Females of the Present Day,
considered as to their influence on society, &c.London: John Hatchard and Son, 1831 Stock Code: 124523
First edition, inscribed in a secretarial hand on the front free endpaper, "From the Author" (most likely executed by the publisher at the author's express request); and below this in a contemporary hand: "Mrs Grover".
The distinguished historian Linda Colley notes that, "This insistence that women must stay within the private sphere, while at the same time exerting moral influence outside it, dominated though it did not exhaust discussion of female rights in Great Britain in the first half of the nineteenth century.
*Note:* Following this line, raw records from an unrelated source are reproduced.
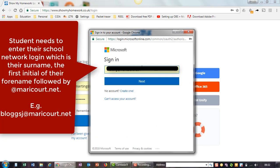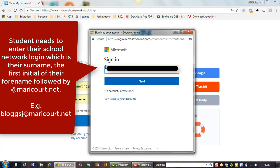Students need to enter their school network login, which is their surname, the first initial of their forename, followed by @maricourt.net. For example, blogsj@maricourt.net.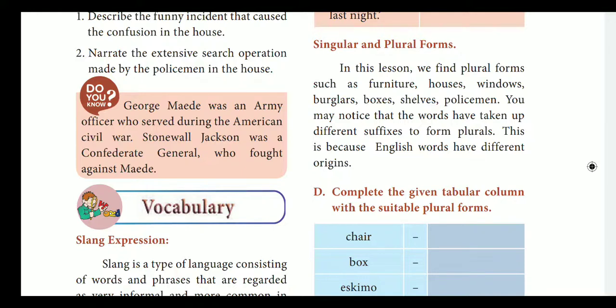For words like 'furniture' there is no change from singular to plural. Why does the English language work in a different way? Because English words come from different origins.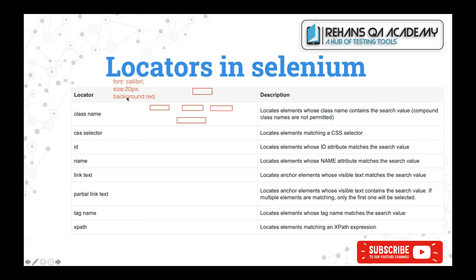Now let's understand ID. If I click on a particular text box, I should get some text specific to that element alone. So if you want to identify an element uniquely on the application, we use the attribute called ID. ID helps you look at an element more uniquely. This ID might be a static ID or a dynamic ID, which I'll explain with an example.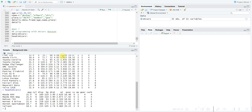Looking at the data, the cylinder values include 4 and 6. For transmission type, there are two types: 0 is for automatic and 1 is for manual.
The anonymous, but clearly Anglican and conservative author of Females of the Present Day, Considered as to their influence on Society (1831), for example, echoed Hannah More in her belief that 'our influence in the country at this period is extensive', insisted that such influence was founded on woman's place in the home, yet warned, too, that domestic duties were incompatible with passivity: 'We were sent into this busy world to be useful'" (Britons: Forging the Nation 1707-1837, 2005, p. 276).
An online search of institutional libraries cites 8 locations in Britain and Ireland and just 5 internationally (University of Central Florida, Duke, NC Greensboro, Carnegie Library Pittsburgh, Bayerische Staatsbibliothek).
Octavo (165 x 97 mm). Contemporary purple calf, gilt lettered spine with floriate centre tools, gilt roll tool border on sides enclosing concentric blind fillets and rolls, central panel of overlapping scallop shingles, red speckled edges, marbled endpapers.
Neat annotation to title, altering the quotation from Ecclesiasticus 26:16: "As the sun when it ariseth in the high heaven; so is the beauty of a good wife in the ordinary ordering of her house". Spine a little worn and sunned (much of gilt rubbed away), corners rubbed, touch of foxing to endpapers, yet a very good copy.